→ **Required work**
Every line of the material that mentions the word "dîner" should be copied out.

→ **Dataset extract**
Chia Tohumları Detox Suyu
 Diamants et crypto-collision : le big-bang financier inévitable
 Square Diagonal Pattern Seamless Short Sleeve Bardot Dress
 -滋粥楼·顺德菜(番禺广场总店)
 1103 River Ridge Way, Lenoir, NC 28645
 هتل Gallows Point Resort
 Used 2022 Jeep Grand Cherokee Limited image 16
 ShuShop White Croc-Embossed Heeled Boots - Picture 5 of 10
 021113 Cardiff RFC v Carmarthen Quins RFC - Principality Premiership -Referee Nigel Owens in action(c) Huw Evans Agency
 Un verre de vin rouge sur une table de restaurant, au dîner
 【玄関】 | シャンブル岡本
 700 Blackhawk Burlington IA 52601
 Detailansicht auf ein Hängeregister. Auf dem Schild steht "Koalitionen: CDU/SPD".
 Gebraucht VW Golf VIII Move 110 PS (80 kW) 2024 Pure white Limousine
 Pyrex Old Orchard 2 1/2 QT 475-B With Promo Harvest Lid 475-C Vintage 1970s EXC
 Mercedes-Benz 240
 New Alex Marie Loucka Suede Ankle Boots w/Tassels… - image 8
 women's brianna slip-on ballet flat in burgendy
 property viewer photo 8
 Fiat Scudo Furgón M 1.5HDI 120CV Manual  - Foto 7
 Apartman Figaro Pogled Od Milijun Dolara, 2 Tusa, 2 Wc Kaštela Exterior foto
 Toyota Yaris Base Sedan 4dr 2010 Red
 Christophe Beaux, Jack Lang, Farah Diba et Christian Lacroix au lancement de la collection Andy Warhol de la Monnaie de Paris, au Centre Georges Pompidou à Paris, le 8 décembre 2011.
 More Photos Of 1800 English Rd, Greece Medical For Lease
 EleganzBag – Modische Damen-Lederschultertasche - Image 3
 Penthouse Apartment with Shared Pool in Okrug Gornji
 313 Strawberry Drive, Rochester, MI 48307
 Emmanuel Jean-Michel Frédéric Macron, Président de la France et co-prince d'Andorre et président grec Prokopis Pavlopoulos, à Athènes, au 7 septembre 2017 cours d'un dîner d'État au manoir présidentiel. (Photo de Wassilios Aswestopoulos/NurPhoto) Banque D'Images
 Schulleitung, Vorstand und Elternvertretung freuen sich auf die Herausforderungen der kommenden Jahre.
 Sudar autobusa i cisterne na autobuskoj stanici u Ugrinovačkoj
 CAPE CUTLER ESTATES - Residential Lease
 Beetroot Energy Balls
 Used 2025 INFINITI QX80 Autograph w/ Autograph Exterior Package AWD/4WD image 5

→ **Result of the exercise**
 Un verre de vin rouge sur une table de restaurant, au dîner
 Emmanuel Jean-Michel Frédéric Macron, Président de la France et co-prince d'Andorre et président grec Prokopis Pavlopoulos, à Athènes, au 7 septembre 2017 cours d'un dîner d'État au manoir présidentiel. (Photo de Wassilios Aswestopoulos/NurPhoto) Banque D'Images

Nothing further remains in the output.